Experts in the Bitcoin landscape and traditional finance specialists often debate to what degree mass adoption of the world’s largest cryptocurrency has begun.

Bitcoin is a key factor in the investment strategies of many institutional and retail investors. Mass awareness of Bitcoin has largely arrived, as the percentage of people who are at least familiar with the idea of Bitcoin is high. However, there are gulfs between those with awareness of Bitcoin, those who own the cryptocurrency and those who use it as the currency it was designed to function as.

Considering the impressive functionality Bitcoin already possesses and the historic highs its value has hit, it can be startling to remember that mass adoption is still underway and will represent massive growth in value and applications.

As is the case with any emerging technology, those who immerse themselves in the landscape prior to mainstream adoption put themselves in a powerful position as cryptocurrency becomes more entrenched in the financial world. Let’s take a look at the path of adoption that Bitcoin is on, the tools that can make Bitcoin even better and what the implications of a hyperbitcoinized world could be.

Degrees of adoption

According to a report from 2022, around forty million Americans have either traded crypto or have expressed interest in doing so. Another report from one year earlier stated that more than a quarter of Americans own bitcoin.

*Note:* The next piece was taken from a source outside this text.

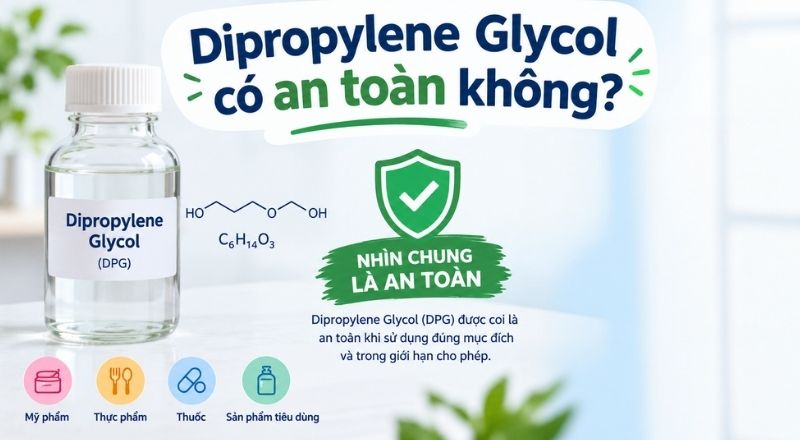 Dipropylene Glycol là nguyên liệu an toàn trong mỹ phẩm.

While these numbers are impressive, they don’t refer to a clearly-defined standard of what adoption truly means. For example, those who buy bitcoin simply to hold as an investment strategy are certainly Bitcoin users, but they can’t be said to have embraced the full potential of Bitcoin as the world’s most promising system for value transfer and storage.

As such, the percentage of users who have adopted Bitcoin in a significant way—making it central to both their saving and spending needs—is far lower than the numbers cited above. The fact that so few people are using Bitcoin to its fullest potential is another reason to feel optimistic about the future of Bitcoin adoption, as the room for growth is immense.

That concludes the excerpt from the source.